Data shown:
....................
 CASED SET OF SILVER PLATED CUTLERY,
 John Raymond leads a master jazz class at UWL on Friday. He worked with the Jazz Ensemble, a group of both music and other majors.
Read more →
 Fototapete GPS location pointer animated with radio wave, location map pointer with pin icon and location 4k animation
....................
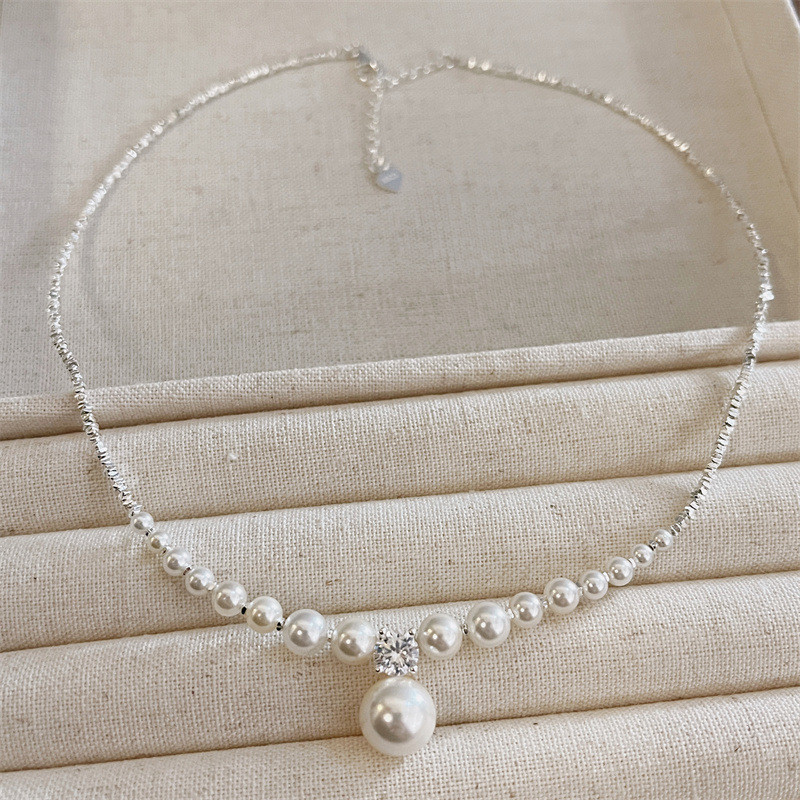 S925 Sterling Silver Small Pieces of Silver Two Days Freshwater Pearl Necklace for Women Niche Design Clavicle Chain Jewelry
....................
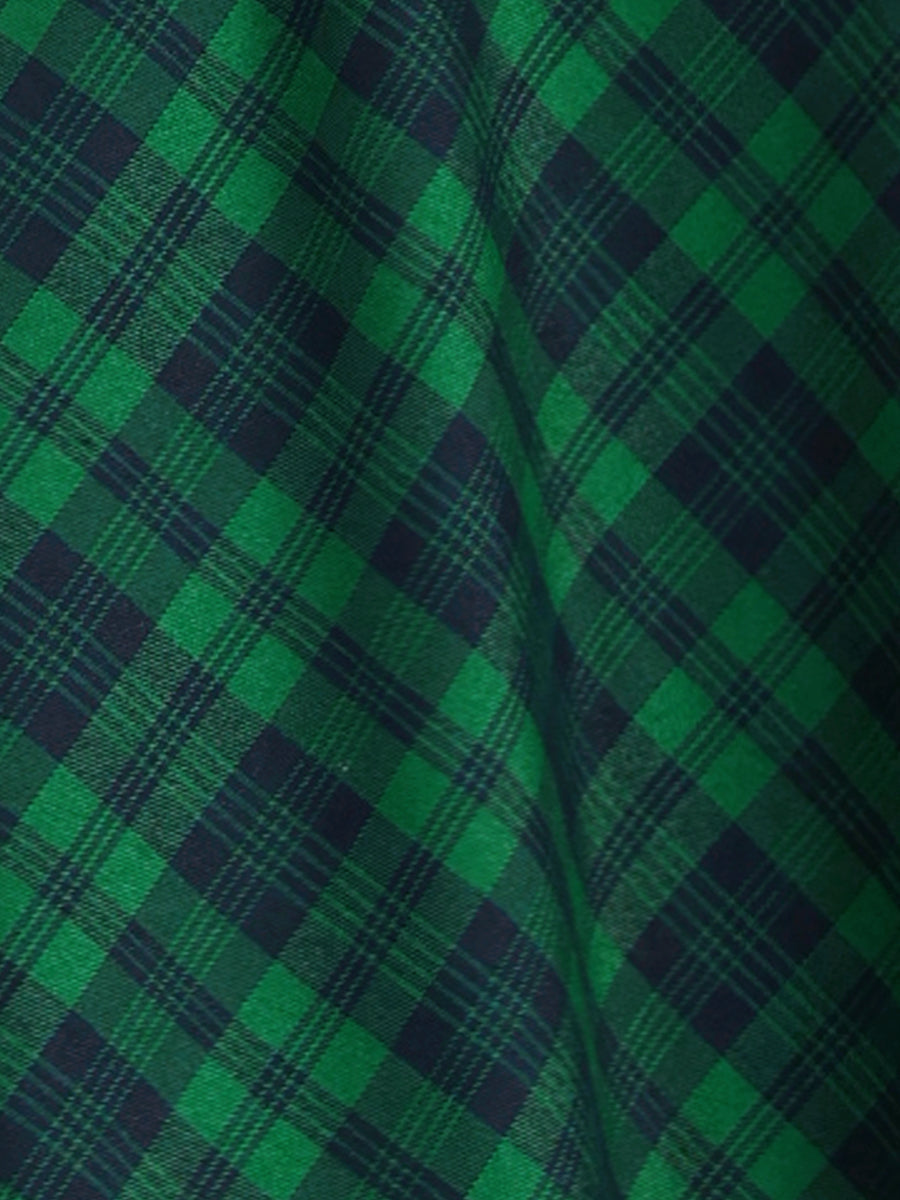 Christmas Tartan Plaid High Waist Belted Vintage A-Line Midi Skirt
....................
Count the lines in the listing where the string "with" appears, and give only the count.

2